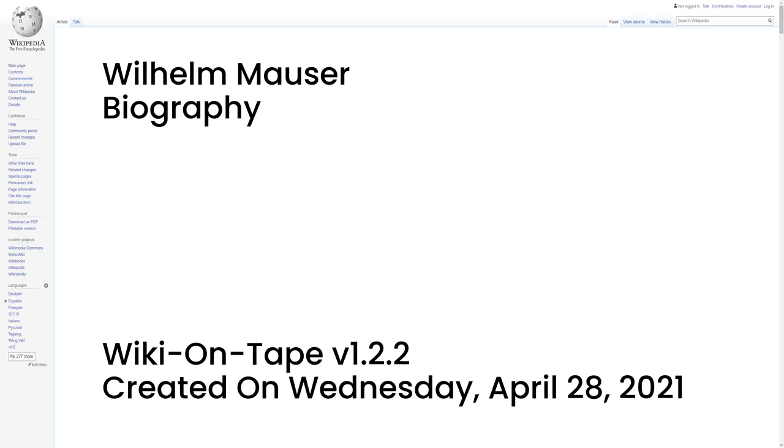The Mauser company later developed the Gewehr 98 and Carabiner 98k rifle series. The Gewehr 98 itself was the latest in a line of Mauser rifles that were introduced in 1898.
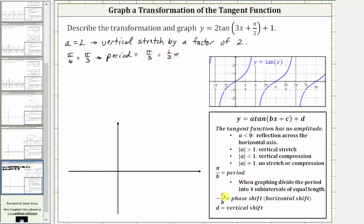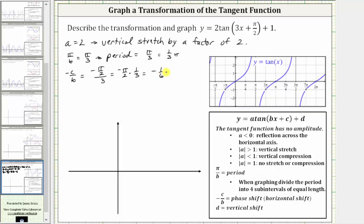Next, the phase shift is equal to negative c divided by b, where b equals three and c equals pi over two. So negative c divided by b equals negative pi over two divided by three. Dividing by three is equivalent to multiplying by one-third, giving us negative pi over two times one-third, which equals negative one-sixth pi. Because the phase shift is negative one-sixth pi radians, the shift is left one-sixth pi radians.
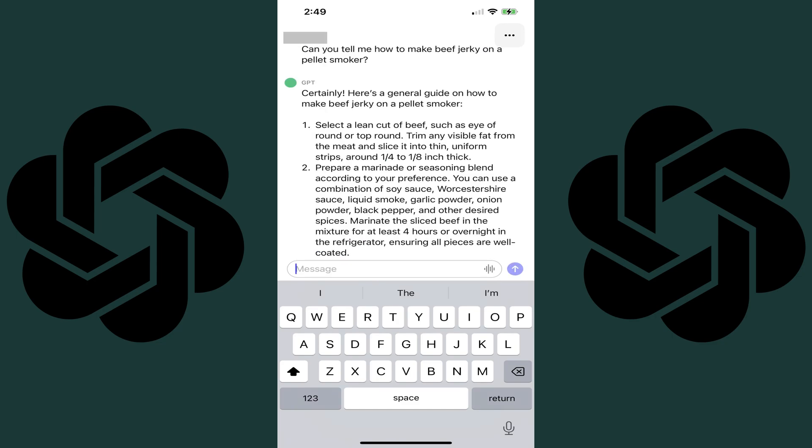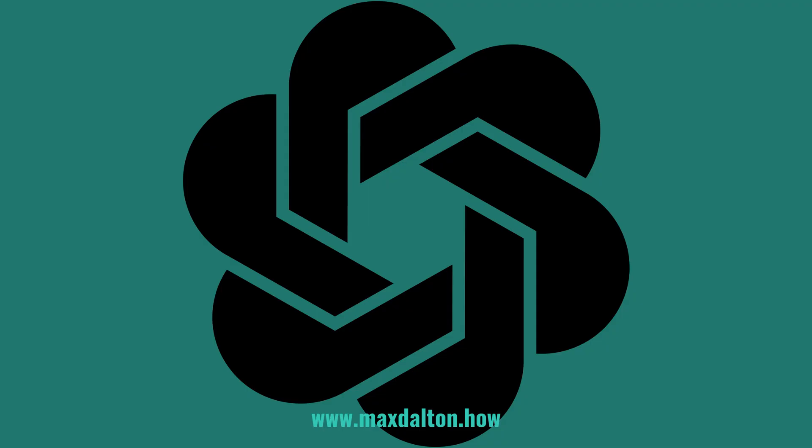ChatGPT will receive your message and return a response as normal. Let me know if this video helped you out in the comments below. If you liked what you saw here, click the video links on the right side of the screen to check out another video, or click the logo on the left side of the screen to check out my tutorial website at www.maxdalton.how.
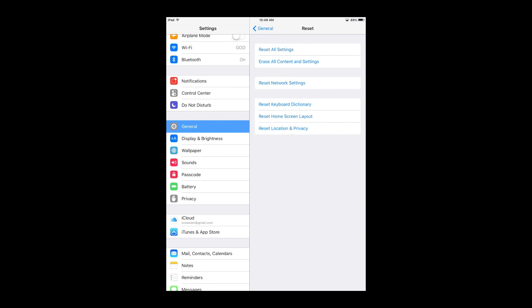So now we're in the reset section of the Apple device. And like I said, this applies to all the Apple devices. So you may have an iPhone, iPad, whatever device that you have, this applies to all. So we have a couple options here to reset our device. We can reset our device in many ways. We can reset all settings, which is your network settings, your Bluetooth settings, your wallpaper.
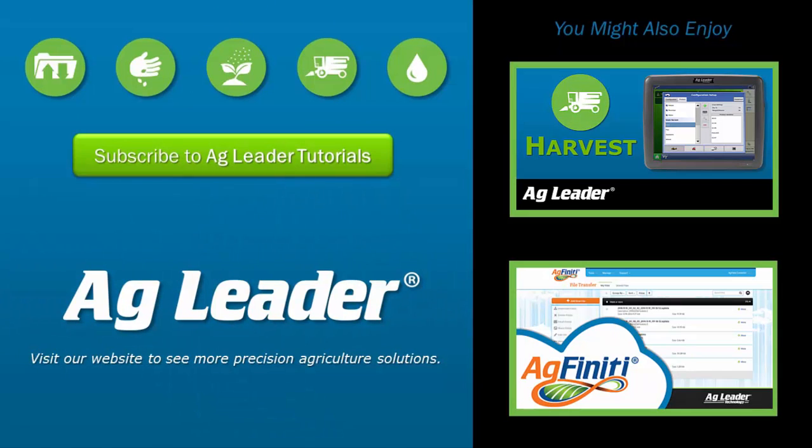For more information on the Quantimeter interface, please refer to your AgLeader display manual. If you'd like to see more short tutorials from AgLeader, please subscribe to our channel.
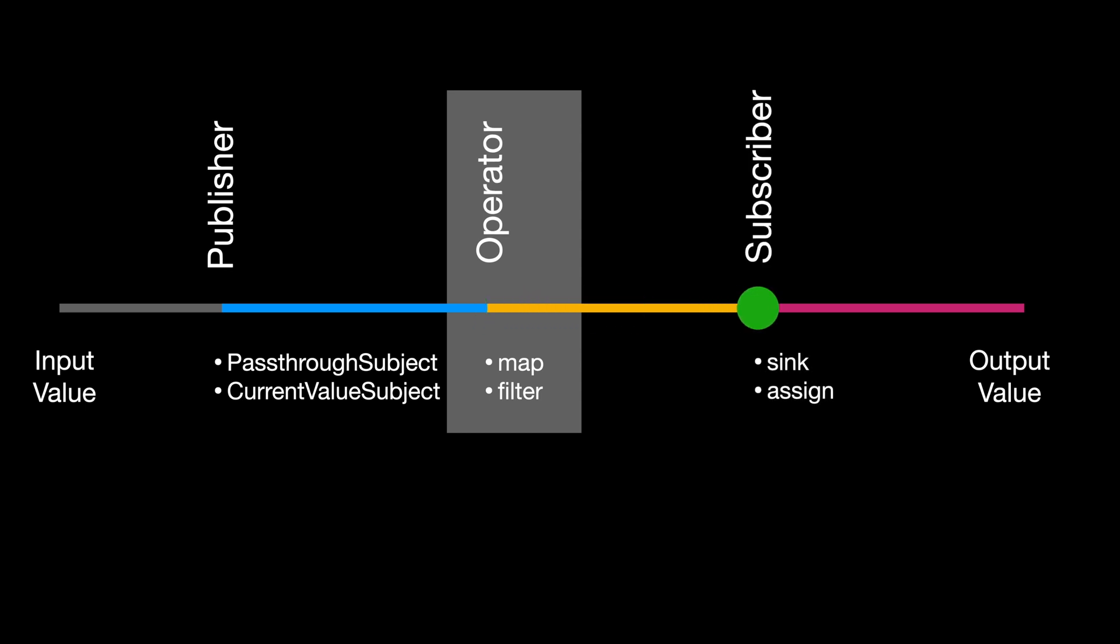Then our data is received by our subscribers. Normally, subscribers are methods with closures where you can access the output value. Then finally, the output value is displayed on the user interface that you assigned to receive the value or another publisher that is also acting as a subscriber.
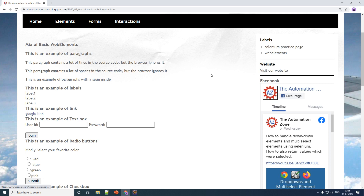Welcome everybody. In today's tutorial we will learn how to read your text, how to read your values, or any other property of any element on your web page. We will start by reading this particular text called 'this is an example of paragraphs.'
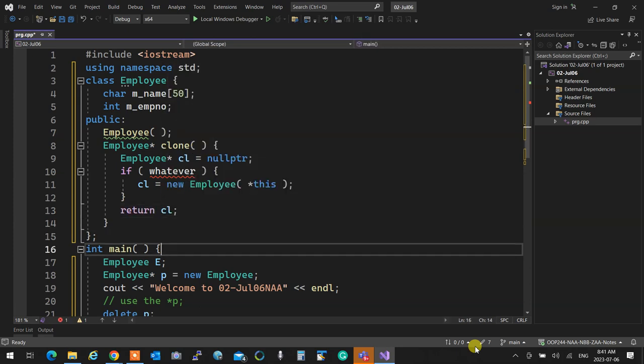You cannot have a void function with a return statement halfway through — that's two return statements. A function must have one return at the end. This applies to everything. I'm assuming you all know what copy construction and copy assignment are.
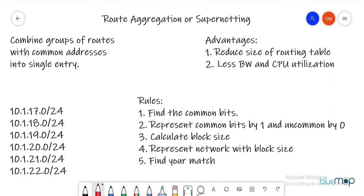So what is route aggregation or super netting? It is combining groups of routes with common addresses into a single entry. The advantages it offers are a reduced size of the routing table and less bandwidth and CPU utilization of the router.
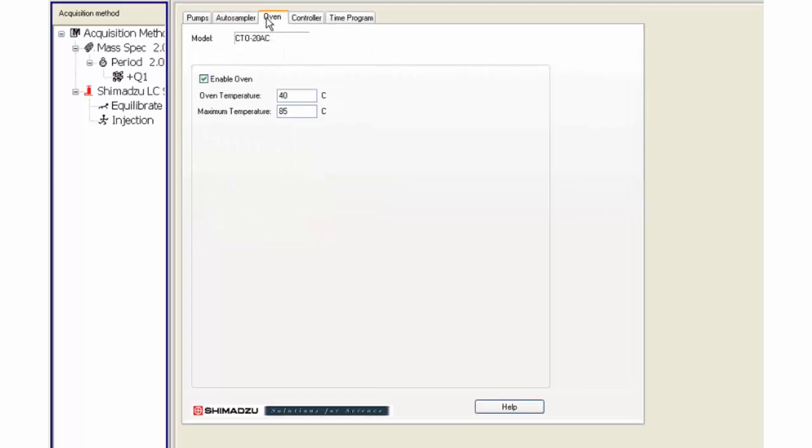Click on the oven tab. Choose an appropriate oven temperature. This needs to be optimized and within the column limit.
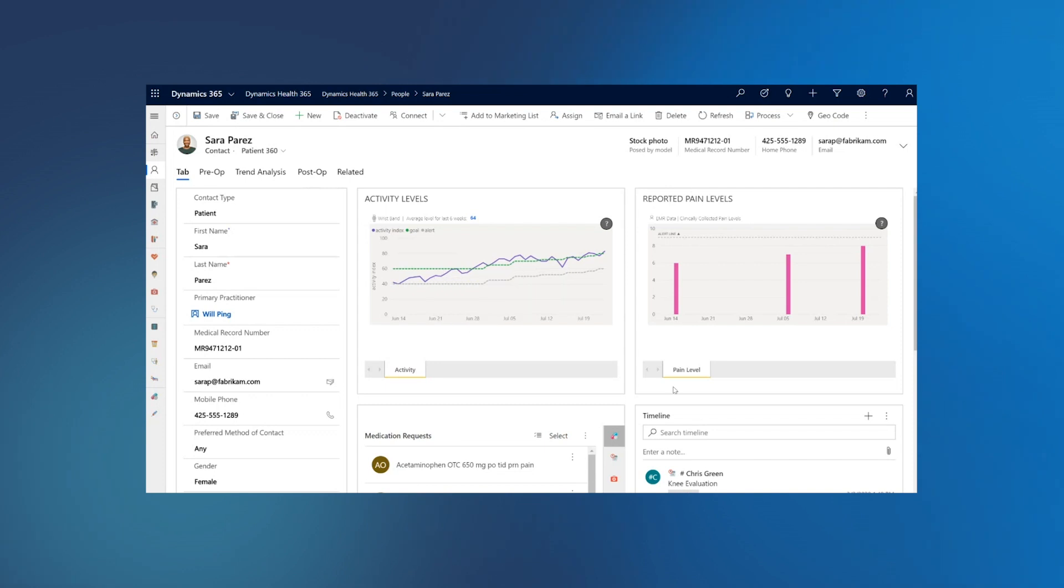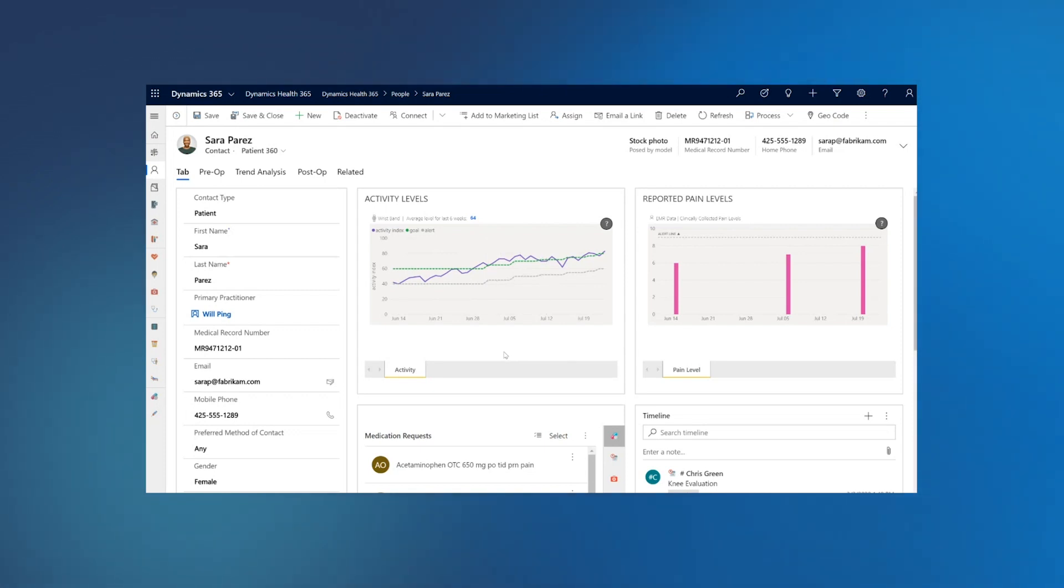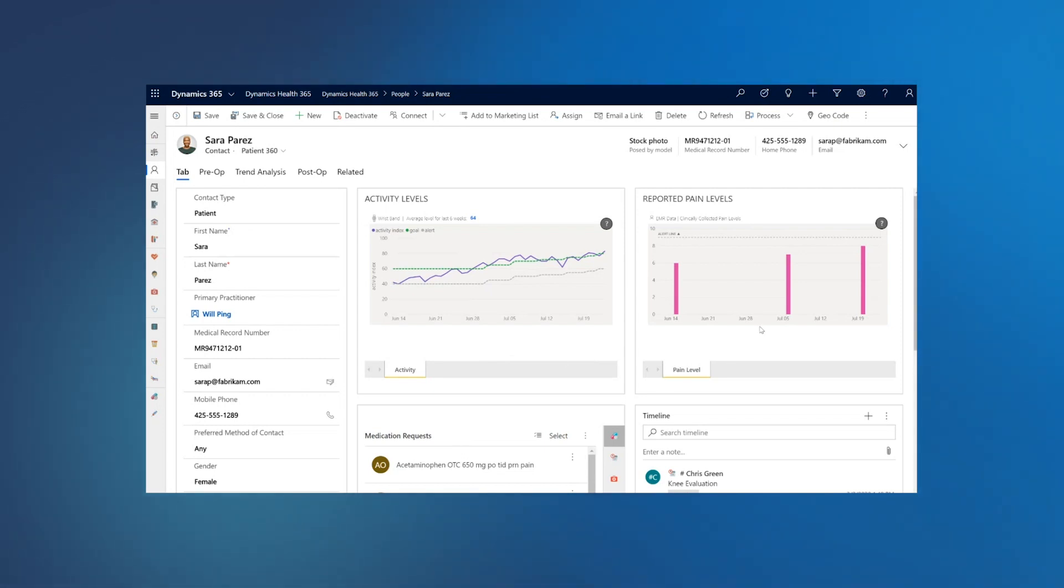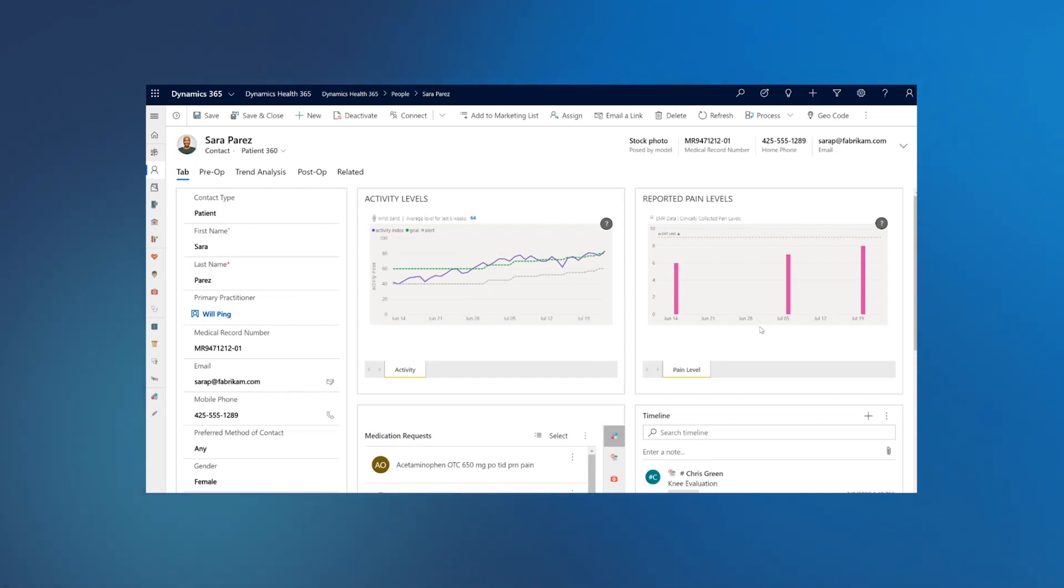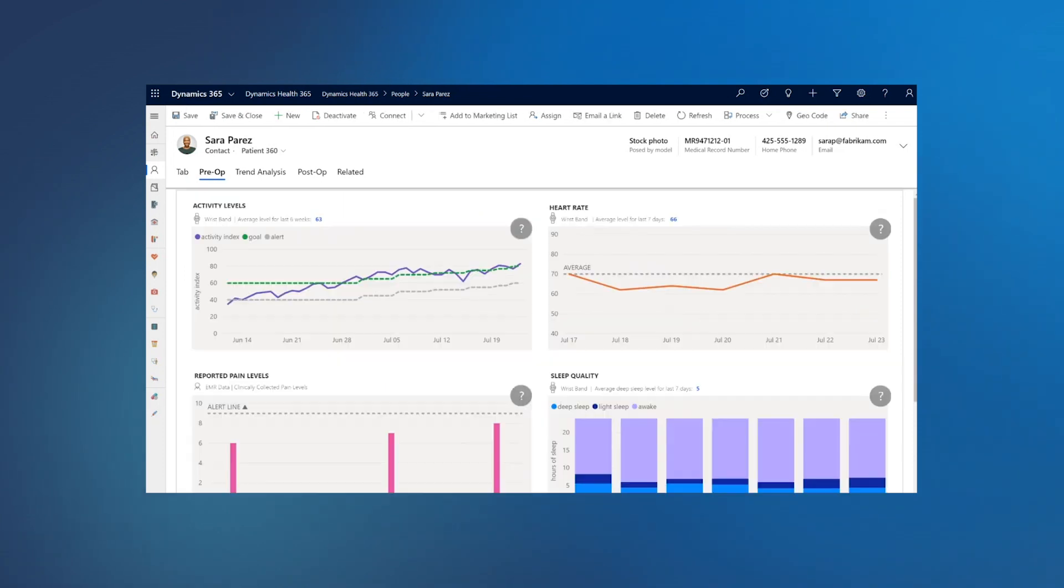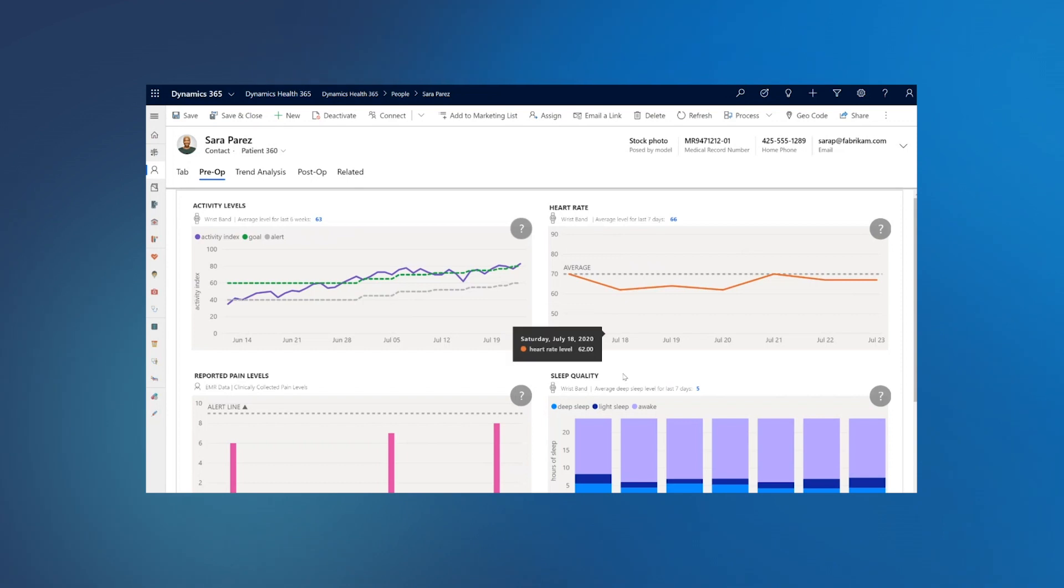In this dashboard, a care team can see Sarah's pre-op activity data, but along with it, a care team can also see her medication data, her reported pain level data, which is coming from EMR, and this is where Power of FHIR comes in, which allows you to bring data from different sources and interoperate them, aggregate them for longitudinal view of the patient. Care team can also go and do a deep dive in the data. Care team can look at heart rate, sleep quality as well.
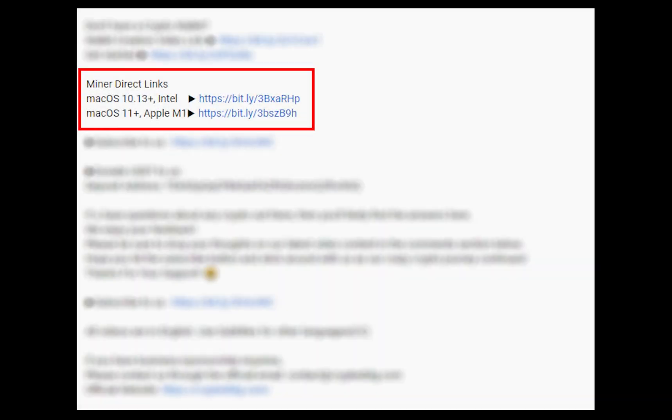The first step is to download the miner. Link is given in the description. Download the miner using these links. Choose the suitable one for your Mac.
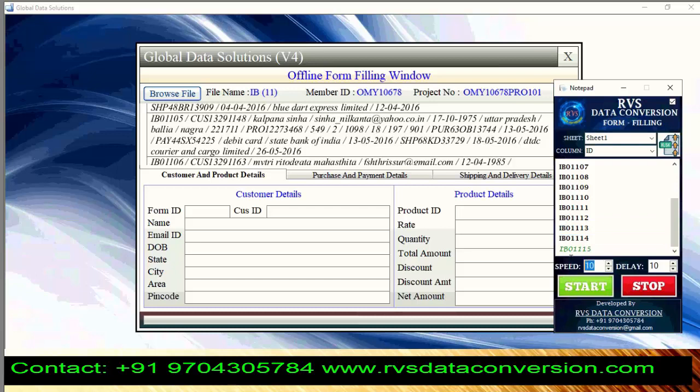Select required form in Autotyper. Click on Start button and keep cursor in the first box of GDS Software, and click it within 3 seconds.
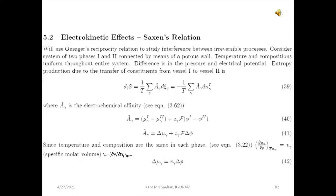Let's consider a system consisting of two phases, one and two, which are connected by means of a porous wall. A porous wall allows a difference in pressure between the two systems. We assume that the temperature and composition are uniform throughout the system, so both phases have the same temperature and composition. However, there is a difference in pressure maintained over the system and an electrical potential. The entropy production due to the transfer of charged constituents between regions one and two is given by relation 39.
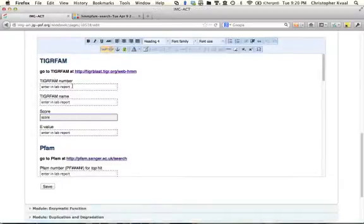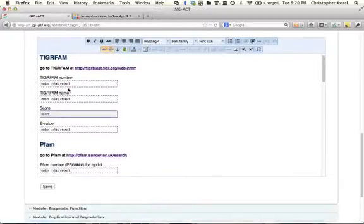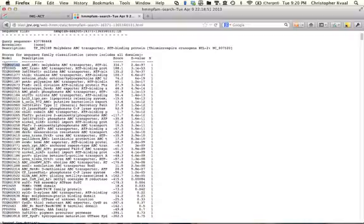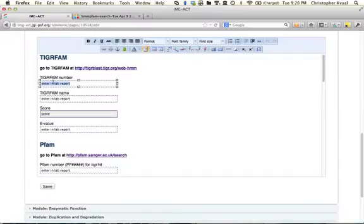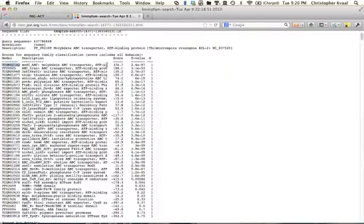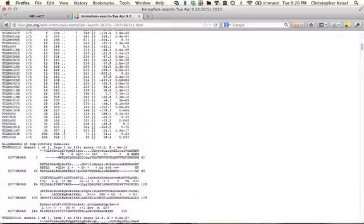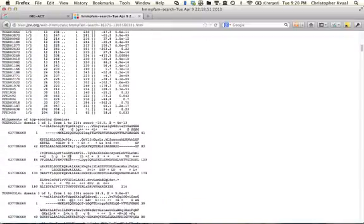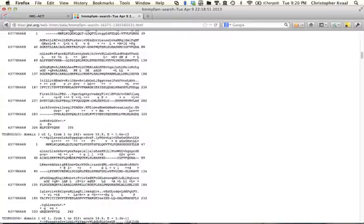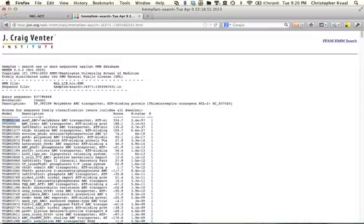We're going to be asked to put in the TigerFam number. That TigerFam number is right here, so we'll paste the TigerFam number in there. And what is the TigerFam name? It's cut off there, so I'm going to go down to the bottom to see if I can get more of it. I'm not getting more of it, so we'll just take this much of it.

Aim of the task —
Give the listing again word for word. Skip every image.

Answer to this problem —
The Mauser company later developed the Gewehr 98 and Carabiner 98k rifle series. The Gewehr 98 itself was the latest in a line of Mauser rifles that were introduced in 1898.
Next, the phase shift is equal to negative c divided by b, where b equals three and c equals pi over two. So negative c divided by b equals negative pi over two divided by three. Dividing by three is equivalent to multiplying by one-third, giving us negative pi over two times one-third, which equals negative one-sixth pi. Because the phase shift is negative one-sixth pi radians, the shift is left one-sixth pi radians.
ChatGPT will receive your message and return a response as normal. Let me know if this video helped you out in the comments below. If you liked what you saw here, click the video links on the right side of the screen to check out another video, or click the logo on the left side of the screen to check out my tutorial website at www.maxdalton.how.
So now we're in the reset section of the Apple device. And like I said, this applies to all the Apple devices. So you may have an iPhone, iPad, whatever device that you have, this applies to all. So we have a couple options here to reset our device. We can reset our device in many ways. We can reset all settings, which is your network settings, your Bluetooth settings, your wallpaper.
For more information on the Quantimeter interface, please refer to your AgLeader display manual. If you'd like to see more short tutorials from AgLeader, please subscribe to our channel.
Then our data is received by our subscribers. Normally, subscribers are methods with closures where you can access the output value. Then finally, the output value is displayed on the user interface that you assigned to receive the value or another publisher that is also acting as a subscriber.
Welcome everybody. In today's tutorial we will learn how to read your text, how to read your values, or any other property of any element on your web page. We will start by reading this particular text called 'this is an example of paragraphs.'
You cannot have a void function with a return statement halfway through — that's two return statements. A function must have one return at the end. This applies to everything. I'm assuming you all know what copy construction and copy assignment are.
So what is route aggregation or super netting? It is combining groups of routes with common addresses into a single entry. The advantages it offers are a reduced size of the routing table and less bandwidth and CPU utilization of the router.
Click on the oven tab. Choose an appropriate oven temperature. This needs to be optimized and within the column limit.
In this dashboard, a care team can see Sarah's pre-op activity data, but along with it, a care team can also see her medication data, her reported pain level data, which is coming from EMR, and this is where Power of FHIR comes in, which allows you to bring data from different sources and interoperate them, aggregate them for longitudinal view of the patient. Care team can also go and do a deep dive in the data. Care team can look at heart rate, sleep quality as well.
The first step is to download the miner. Link is given in the description. Download the miner using these links. Choose the suitable one for your Mac.
Select required form in Autotyper. Click on Start button and keep cursor in the first box of GDS Software, and click it within 3 seconds.
Let's consider a system consisting of two phases, one and two, which are connected by means of a porous wall. A porous wall allows a difference in pressure between the two systems. We assume that the temperature and composition are uniform throughout the system, so both phases have the same temperature and composition. However, there is a difference in pressure maintained over the system and an electrical potential. The entropy production due to the transfer of charged constituents between regions one and two is given by relation 39.
We're going to be asked to put in the TigerFam number. That TigerFam number is right here, so we'll paste the TigerFam number in there. And what is the TigerFam name? It's cut off there, so I'm going to go down to the bottom to see if I can get more of it. I'm not getting more of it, so we'll just take this much of it.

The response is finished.